An idea of the character of these deities may be gathered from the description of a heavenly banquet scene in the same poem:
They made ready the feast, at the banquet [they sat],
They ate bread, they mingled the wine.
The sweet drink made them drunken ...
By drinking they were drunken, their bodies were filled.
They shouted aloud, their heart was exalted,
Then for Marduk, their avenger, did they decree destiny.
Certainly, not all the religious thinkers of Babylonia held these low conceptions. In some of their prayers and hymns they rise to lofty spiritual and ethical conceptions which compare quite favorably with expressions found in the Old Testament. In a hymn addressed to Shamash, the sun-god, are found these lines:
Who plans evil—his horn thou dost destroy,
Whoever in fixing boundaries annuls rights.
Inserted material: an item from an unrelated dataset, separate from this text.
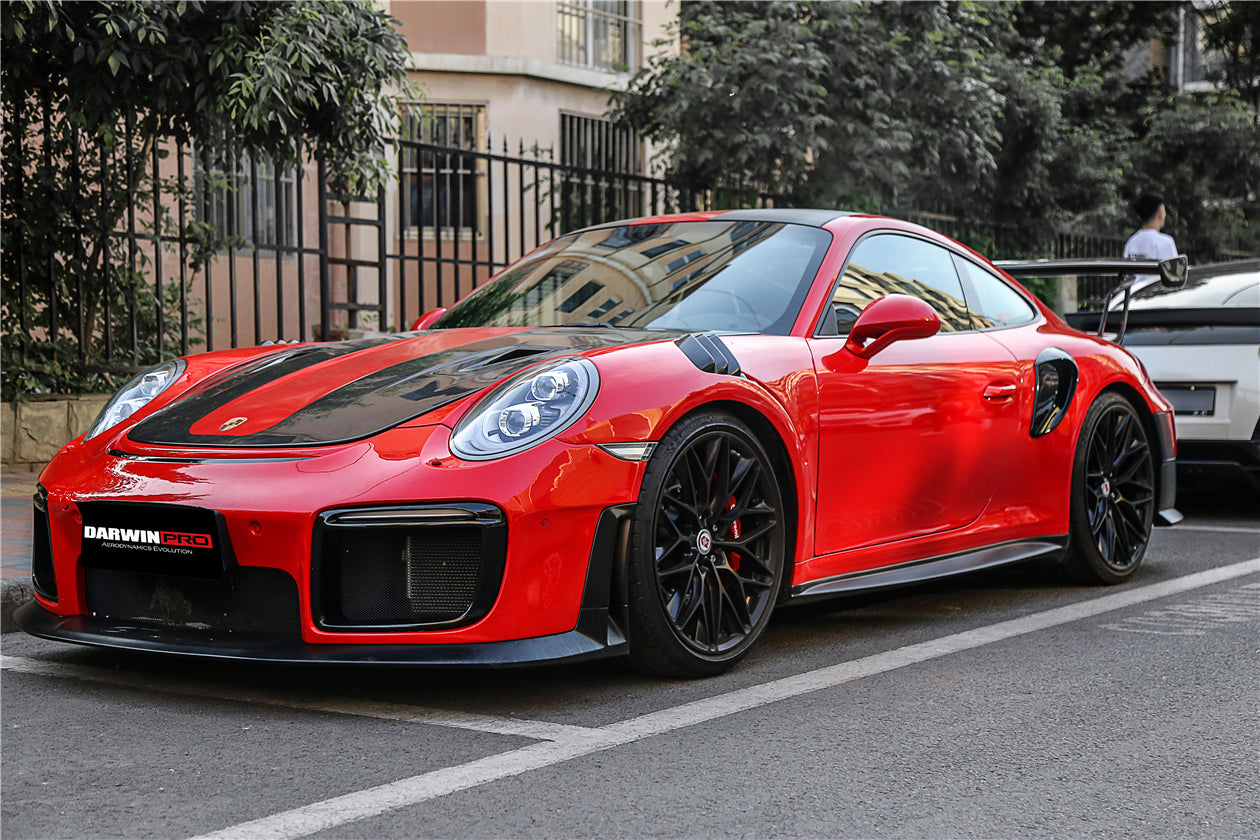 2016 - 2019 Porsche 911 991.2 Carrera &Targa 4 & 4S GT2RS Style Partial Carbon Fiber Front Bumper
The unjust judge thou restrainest with force.
Whoever accepts a bribe, who does not judge justly—on him
thou imposest sin.
But he who does not accept a bribe, who has a care for the
oppressed,
To him Shamash is gracious, his life he prolongs.
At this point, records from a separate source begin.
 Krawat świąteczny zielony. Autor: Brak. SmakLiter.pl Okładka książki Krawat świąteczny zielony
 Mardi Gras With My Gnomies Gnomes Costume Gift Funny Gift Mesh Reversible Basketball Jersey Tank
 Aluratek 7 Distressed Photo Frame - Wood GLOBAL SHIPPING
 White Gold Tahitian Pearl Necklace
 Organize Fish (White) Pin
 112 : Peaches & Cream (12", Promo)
The judge who renders a just decision
Shall end in a palace, the place of princes shall be his dwelling.
* * * * *
The seed of those who act unjustly shall not flourish.
What their mouth declares in thy presence
Thou shalt burn it up, what they purpose wilt thou annul.
Thou knowest their transgressions; the declaration of the
wicked thou dost cast aside.
Every one wherever he may be is in thy care.
Thou directest their judgments, the imprisoned dost thou
liberate.
Thou hearest, O Shamash, petition, prayer, and appeal,
Humility, prostration, petitioning, and reverence.
With loud voice the unfortunate one cries to thee.
The weak, the exhausted, the oppressed, the lowly,
Mother, wife, maid appeal to thee,
He who is removed from his family, he that dwelleth far from
his city.[[15]]
Far be it from the writer to rob the religion of Babylonia of any of its glory. Nevertheless, he ventures to assert without any fear of contradiction that we may search the pantheon of Babylon, from one end to the other, and we shall not find one god who in nature and character can compare with the Jehovah of Israel as proclaimed by the great prophets and glorified by the sweet singers of the nation, a God "merciful and gracious, slow to anger, and abundant in loving-kindness and truth." We may well speak of a "great gulf, which is fixed between primitive Semitic conceptions of God and the noble spiritual views of him set forth under divine illumination by Isaiah."[[16]] It is due to this fundamental difference in the conception of the nature and character of Deity that the religion of Israel became "a living and ethical power, growing and increasing until Jesus, greatest of the prophets, completed the message of his predecessors," and Christianity was born.